**TASK GOAL**
Would you please repeat, word for word, only the lines from the one holding "Cynthia Rowley TJX" through the one holding "Thumbnail 3: 2012" in the material below, without the pictures?

**SOURCE MATERIAL**
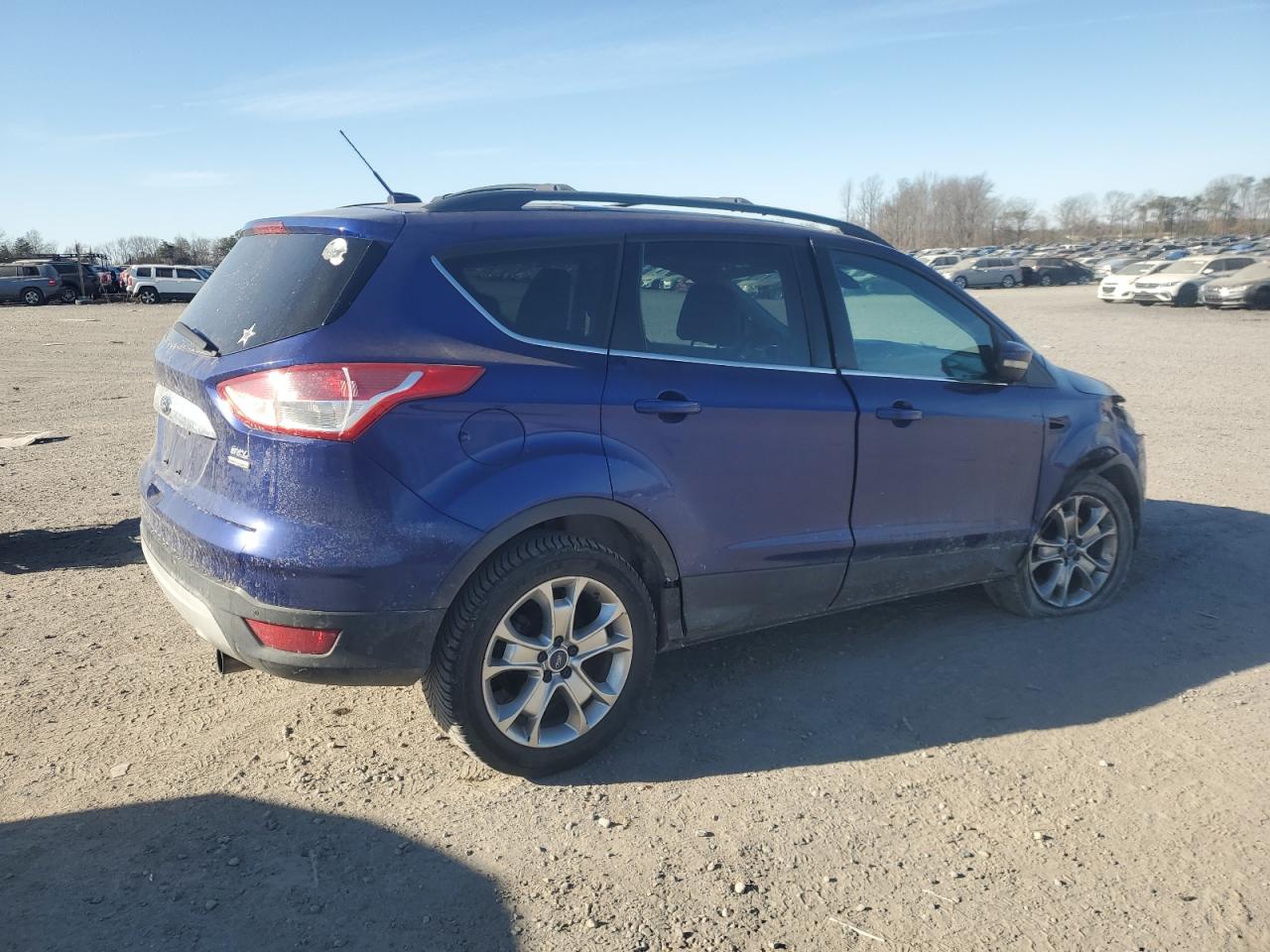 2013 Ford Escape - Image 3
---
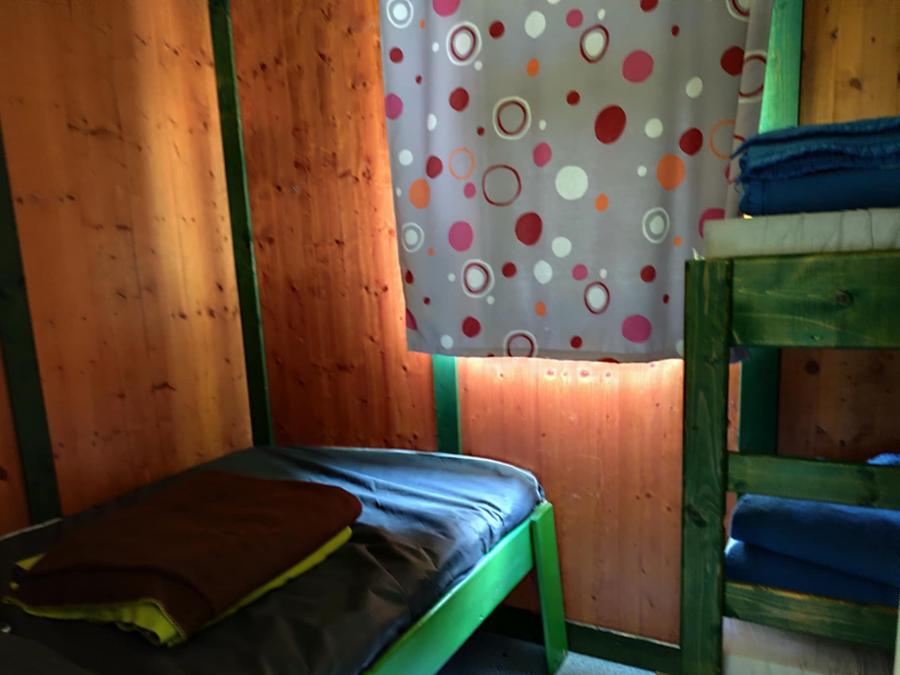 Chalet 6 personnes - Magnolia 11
* * *
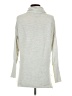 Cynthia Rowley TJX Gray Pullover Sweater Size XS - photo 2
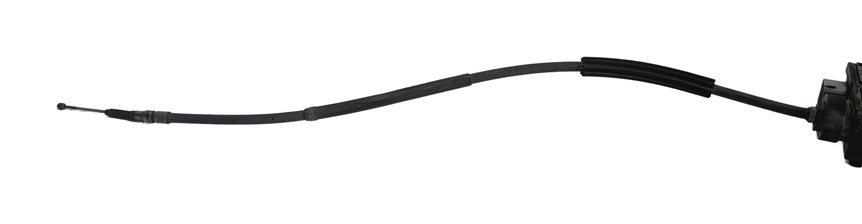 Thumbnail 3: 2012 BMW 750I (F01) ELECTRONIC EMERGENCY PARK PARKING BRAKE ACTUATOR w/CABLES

**TASK OUTPUT**
 Cynthia Rowley TJX Gray Pullover Sweater Size XS - photo 2
 Thumbnail 3: 2012 BMW 750I (F01) ELECTRONIC EMERGENCY PARK PARKING BRAKE ACTUATOR w/CABLES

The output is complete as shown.